We originally launched Phobos in August, 2018 and we struggled to find traction with it. We tried to follow what other enterprise / business-to-business open source businesses with clientelle similiar to ours did and introduce per-node licensing that scales up in cost with the size of our customers’ installations. Small enterprises would pay a nominal amount, big enterprises would pay a lot more.

Unfortunately, that model was a really poor fit for our business. We had a lot of customers who wanted Phobos’ telemetry for their Akka.NET applications but the pricing scheme made it impossible for customers to predict what they might spend on Phobos without having to talk to us.

Having spent the better part of 6 years learning how to work with procurement departments that run the gamut from the United States Office of Personnel Management, defense contractors, hedge funds, state courts, foreign governments, video game developers, publicly traded companies, and early stage startups - if there is one thing I’ve learned it’s to make your value and your pricing understandable to the people who run the purchasing and procurement process.

So in preparation for going live with Phobos on Sdkbin in summer 2020 we significantly changed Phobos’ price structure in June, 2020:

Strategically we decided to risk making less revenue per-customer in order to make up the difference on volume.

We launched Sdkbin on September 30th, 2020 - and since then we’ve been selling ~50% more Phobos licenses per month beyond what we were doing before with no marketing. The ease of being able to purchase the license without having to talk to a human being first and the accessing the product instantly made a key difference to the experience of our customers. You can see what Phobos’ listing on Sdkbin looks like for yourself here.

It wasn’t until December 15th, 2020 that we even announced Phobos 1.0 and its new pricing - even though both of those products / pricing had been in effect since June.

As of late January 2021 - we’ve started doing some more serious marketing around Phobos and we expect that we’ll be able to grow the number of new purchases per month to 2x-3x their current levels.

Recurring Revenue

Let’s say you’re selling $4,000 to $12,000 per month in product sales. That’s a great start but you have to remember - these are recurring licenses that renew once every 12 months. The trick to making this type software licensing business sustainable is efficiently growing your new sales while getting your previous years’ customers to renew at high rates. This has the impact of compounding your marketing and sales efforts from previous years.

If we assume the following variables, a fictional example using Phobos’ pricing model:

Year Revenue
1 $48,000
2 $84,000
3 $112,000
4 $136,000

N.B. I rounded down the number of retained customers each year, to be conservative.

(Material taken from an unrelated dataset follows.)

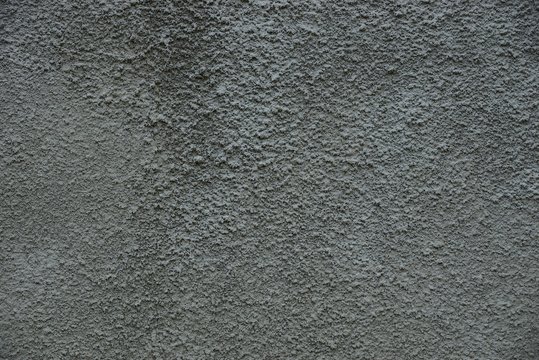gray stone texture from a part of a concrete wall of a building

A well-run business would obviously have to figure out how to scale beyond 1 new sale per month, as that’s the input that is going to determine how much your revenue growth compounds annually. But even without that crucial element you can see and appreciate the compounded growth of recurring revenue models. This is what we’re trying to help ourselves and everyone else achieve with Sdkbin.

Results

So we shared the revenue numbers - but what about the engineering effort on Sdkbin itself?

We spent most of October through December stamping out bugs in our multi-tenancy system, email notifications, content management, and onboarding Petabridge’s pre-Sdkbin Phobos customers onto the platform - an experience which made clear to us the need for numerous (completed) UX/UI fixes and authoring extensive customer-facing documentation on how Sdkbin’s onboarding, access, and payment systems work.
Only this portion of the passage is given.